But it's also not the first time Mills has thrown out the possibility of giving it away, only to come back for another crack at it.

It's just that this year everything has fallen into place so well, as the team became the first team to go undefeated and win the title, that it would seem fitting if it ended here.

It sure is a long way from the first Saints' first season.

"I remember thinking about in '83 when we first went into the league we had 15 losses in a row and things weren't looking that good. I remember people taking the mickey out of us and I remember saying to myself one day we'll beat everyone, we'll win the whole thing undefeated. 

"It brought a tear to my eye when I really thought about it, after 35 years we've achieved that. Personally it was a monumental thing."
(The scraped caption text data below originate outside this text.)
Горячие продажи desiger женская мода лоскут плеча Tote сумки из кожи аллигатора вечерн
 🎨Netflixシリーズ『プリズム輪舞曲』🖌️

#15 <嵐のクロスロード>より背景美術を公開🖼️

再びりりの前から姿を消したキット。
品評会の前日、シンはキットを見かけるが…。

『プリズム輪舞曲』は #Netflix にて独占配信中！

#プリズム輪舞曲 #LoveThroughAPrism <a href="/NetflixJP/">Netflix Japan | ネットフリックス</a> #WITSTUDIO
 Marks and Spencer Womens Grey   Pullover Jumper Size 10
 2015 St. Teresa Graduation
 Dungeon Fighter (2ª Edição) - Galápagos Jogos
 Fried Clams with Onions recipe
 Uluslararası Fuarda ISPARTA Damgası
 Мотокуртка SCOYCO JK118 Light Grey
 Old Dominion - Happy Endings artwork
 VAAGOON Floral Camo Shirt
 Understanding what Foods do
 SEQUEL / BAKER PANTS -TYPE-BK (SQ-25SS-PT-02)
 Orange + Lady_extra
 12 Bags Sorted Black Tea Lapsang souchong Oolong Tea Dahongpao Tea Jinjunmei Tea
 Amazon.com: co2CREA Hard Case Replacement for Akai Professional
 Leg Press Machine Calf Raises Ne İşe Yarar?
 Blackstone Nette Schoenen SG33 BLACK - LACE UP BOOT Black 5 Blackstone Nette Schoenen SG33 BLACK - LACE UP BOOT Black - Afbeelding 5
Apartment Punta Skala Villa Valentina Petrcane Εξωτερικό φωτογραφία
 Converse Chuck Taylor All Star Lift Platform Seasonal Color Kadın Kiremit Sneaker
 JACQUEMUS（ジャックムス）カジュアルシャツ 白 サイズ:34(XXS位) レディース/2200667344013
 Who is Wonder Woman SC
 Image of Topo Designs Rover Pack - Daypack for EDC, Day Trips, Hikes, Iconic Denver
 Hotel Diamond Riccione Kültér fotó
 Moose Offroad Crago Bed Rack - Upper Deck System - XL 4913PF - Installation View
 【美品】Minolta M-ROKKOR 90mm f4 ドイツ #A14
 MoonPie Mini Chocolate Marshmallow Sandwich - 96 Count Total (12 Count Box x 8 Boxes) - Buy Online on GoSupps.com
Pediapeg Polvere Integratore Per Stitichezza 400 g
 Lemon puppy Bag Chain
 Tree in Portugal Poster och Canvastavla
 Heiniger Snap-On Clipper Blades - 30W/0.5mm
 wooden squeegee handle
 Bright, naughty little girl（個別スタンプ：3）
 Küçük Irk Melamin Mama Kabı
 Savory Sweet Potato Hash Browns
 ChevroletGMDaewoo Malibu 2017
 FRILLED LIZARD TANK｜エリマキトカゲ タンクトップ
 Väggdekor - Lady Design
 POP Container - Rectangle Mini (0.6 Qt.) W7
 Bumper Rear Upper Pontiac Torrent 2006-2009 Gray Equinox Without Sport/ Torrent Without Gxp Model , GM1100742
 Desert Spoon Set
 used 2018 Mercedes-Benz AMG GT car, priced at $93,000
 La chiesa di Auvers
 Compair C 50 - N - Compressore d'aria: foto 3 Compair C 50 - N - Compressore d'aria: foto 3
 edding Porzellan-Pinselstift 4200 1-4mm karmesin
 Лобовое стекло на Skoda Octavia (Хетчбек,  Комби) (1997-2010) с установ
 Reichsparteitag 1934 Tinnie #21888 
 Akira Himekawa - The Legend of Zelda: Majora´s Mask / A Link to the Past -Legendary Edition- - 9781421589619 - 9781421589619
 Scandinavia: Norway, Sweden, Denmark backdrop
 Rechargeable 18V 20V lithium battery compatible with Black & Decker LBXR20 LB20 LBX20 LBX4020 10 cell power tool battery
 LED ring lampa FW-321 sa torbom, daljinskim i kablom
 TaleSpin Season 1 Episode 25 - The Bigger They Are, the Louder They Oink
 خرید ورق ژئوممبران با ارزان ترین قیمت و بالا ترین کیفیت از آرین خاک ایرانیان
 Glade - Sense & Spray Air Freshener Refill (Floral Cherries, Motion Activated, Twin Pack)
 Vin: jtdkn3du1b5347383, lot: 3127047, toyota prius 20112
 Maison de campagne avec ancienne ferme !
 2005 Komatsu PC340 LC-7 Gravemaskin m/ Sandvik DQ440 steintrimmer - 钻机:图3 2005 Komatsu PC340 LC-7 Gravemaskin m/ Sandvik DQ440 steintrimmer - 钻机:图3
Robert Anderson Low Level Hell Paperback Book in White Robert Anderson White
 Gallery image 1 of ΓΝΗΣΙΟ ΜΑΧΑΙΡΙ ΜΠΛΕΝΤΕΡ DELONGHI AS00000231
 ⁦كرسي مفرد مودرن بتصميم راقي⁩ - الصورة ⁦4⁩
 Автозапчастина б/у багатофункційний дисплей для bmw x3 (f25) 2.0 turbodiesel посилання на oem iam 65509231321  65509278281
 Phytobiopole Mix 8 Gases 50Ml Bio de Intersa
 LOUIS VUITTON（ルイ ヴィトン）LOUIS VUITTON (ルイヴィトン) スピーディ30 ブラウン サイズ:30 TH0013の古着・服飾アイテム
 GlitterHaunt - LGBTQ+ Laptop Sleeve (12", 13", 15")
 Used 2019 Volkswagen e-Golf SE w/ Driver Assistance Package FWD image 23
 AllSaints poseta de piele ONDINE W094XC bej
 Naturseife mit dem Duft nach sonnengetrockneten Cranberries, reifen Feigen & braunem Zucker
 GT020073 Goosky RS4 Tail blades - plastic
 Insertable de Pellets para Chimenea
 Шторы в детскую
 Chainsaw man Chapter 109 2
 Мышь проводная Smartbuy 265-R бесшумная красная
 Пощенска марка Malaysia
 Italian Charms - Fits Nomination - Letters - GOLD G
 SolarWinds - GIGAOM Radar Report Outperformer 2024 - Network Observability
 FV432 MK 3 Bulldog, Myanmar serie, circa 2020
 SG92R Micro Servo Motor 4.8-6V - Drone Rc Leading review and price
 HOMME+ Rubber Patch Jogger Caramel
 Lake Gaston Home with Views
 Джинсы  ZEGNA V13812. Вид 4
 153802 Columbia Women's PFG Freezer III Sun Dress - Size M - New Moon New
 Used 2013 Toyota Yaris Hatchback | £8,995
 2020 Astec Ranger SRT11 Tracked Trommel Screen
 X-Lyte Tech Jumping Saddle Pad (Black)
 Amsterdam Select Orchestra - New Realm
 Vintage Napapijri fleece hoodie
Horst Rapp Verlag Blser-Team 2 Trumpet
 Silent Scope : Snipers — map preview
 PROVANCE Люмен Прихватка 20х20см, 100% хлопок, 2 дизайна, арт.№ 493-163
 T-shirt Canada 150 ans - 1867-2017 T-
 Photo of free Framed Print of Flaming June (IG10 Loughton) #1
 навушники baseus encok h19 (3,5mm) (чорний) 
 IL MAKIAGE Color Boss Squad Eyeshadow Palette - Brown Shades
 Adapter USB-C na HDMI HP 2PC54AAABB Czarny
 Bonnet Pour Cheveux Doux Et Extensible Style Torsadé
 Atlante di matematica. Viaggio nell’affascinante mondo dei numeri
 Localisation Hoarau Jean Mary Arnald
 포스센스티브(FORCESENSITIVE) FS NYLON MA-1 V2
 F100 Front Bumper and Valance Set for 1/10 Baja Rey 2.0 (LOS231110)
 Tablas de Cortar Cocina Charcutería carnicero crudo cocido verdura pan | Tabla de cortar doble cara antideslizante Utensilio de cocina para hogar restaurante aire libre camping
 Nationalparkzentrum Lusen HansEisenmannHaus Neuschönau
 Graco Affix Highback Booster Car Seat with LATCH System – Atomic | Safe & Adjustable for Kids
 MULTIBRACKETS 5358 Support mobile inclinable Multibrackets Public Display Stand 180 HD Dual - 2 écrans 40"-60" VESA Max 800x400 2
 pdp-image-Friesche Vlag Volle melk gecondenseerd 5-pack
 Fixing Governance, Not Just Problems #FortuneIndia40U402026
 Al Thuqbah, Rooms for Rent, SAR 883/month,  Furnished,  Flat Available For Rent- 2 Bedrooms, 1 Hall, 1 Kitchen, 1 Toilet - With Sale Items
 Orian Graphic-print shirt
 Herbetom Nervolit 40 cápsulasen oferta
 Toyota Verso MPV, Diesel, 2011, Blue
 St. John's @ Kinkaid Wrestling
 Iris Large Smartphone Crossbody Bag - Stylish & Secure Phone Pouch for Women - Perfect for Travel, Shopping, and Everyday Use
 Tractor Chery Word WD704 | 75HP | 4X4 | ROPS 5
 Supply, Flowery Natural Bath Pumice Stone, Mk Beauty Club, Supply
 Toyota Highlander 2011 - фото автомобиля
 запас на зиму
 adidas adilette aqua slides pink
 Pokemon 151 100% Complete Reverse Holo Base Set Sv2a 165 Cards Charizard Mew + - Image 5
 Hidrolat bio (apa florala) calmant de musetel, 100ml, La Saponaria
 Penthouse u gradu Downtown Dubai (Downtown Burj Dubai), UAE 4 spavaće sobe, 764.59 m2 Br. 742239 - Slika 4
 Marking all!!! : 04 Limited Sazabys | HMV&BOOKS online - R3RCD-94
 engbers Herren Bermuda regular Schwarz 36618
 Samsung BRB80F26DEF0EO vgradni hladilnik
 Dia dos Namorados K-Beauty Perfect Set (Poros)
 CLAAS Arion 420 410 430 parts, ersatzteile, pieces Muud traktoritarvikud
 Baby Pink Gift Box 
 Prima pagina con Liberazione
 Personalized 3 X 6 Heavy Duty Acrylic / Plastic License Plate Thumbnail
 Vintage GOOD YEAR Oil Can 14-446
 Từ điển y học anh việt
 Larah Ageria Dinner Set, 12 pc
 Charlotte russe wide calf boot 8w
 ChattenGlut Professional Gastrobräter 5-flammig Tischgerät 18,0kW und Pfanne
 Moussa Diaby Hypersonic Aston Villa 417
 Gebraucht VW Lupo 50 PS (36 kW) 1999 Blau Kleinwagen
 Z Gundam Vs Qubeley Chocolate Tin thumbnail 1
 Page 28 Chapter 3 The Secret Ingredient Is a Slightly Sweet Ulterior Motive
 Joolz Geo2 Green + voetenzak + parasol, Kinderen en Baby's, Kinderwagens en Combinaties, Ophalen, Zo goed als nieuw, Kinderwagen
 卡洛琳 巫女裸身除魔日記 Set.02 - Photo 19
As Saturday's final - which the Saints won 108-75 against the Southland Sharks - came to a close, Mills couldn't help but take it all in.

"I was looking at Nick and seeing the joy on his face and thinking to myself how lucky a person I am to have my two sons and my wife sitting around all watching the game. [Long-time chairman] Justin Toebes was still there and watching with his wife and we're making history and we're all there together, the people that mattered. That was special."

If this is goodbye for Mills, then he's earned every accolade coming his way.

While some might not have agreed with his style over the years, his team's have always set the standard in the NBL and to do that for such a long period of time is a credit to the man.